● Problem to solve: In your copy of the data, omit the pictures and keep all else exactly as given.

------ Stored data

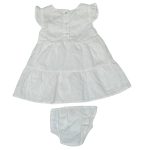 Baby broderie anglaise short sleeve dress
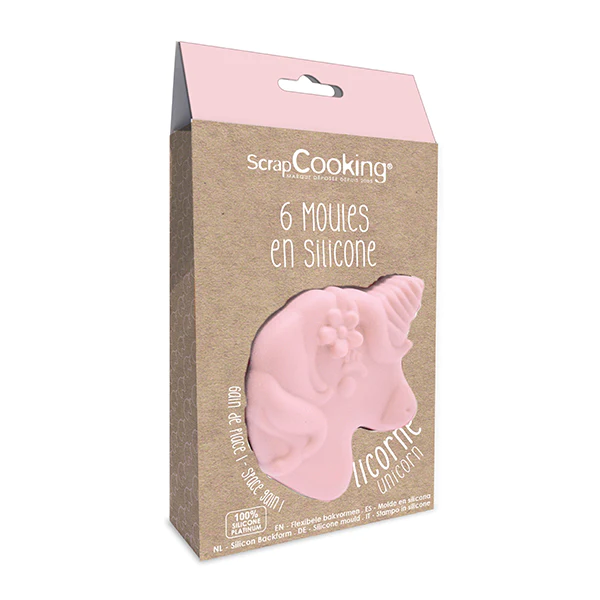 6 moules en silicone Licorne Scrapcooking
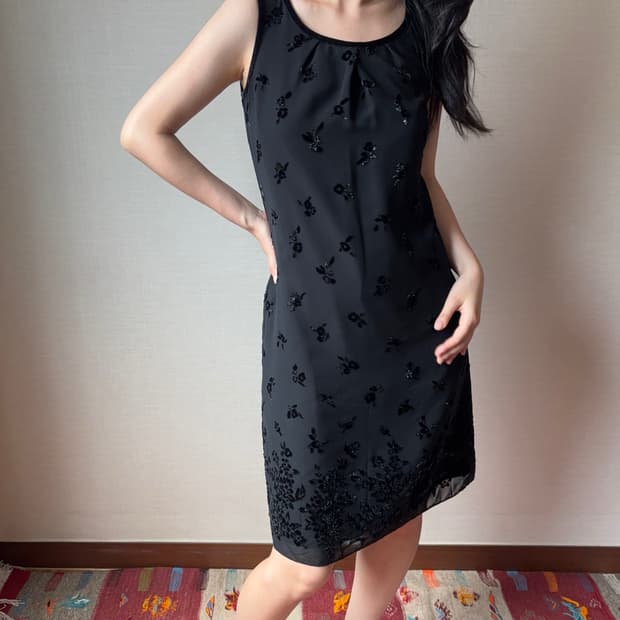 Vintage Beads Dress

------------

● Reply:
 Baby broderie anglaise short sleeve dress
 6 moules en silicone Licorne Scrapcooking
 Vintage Beads Dress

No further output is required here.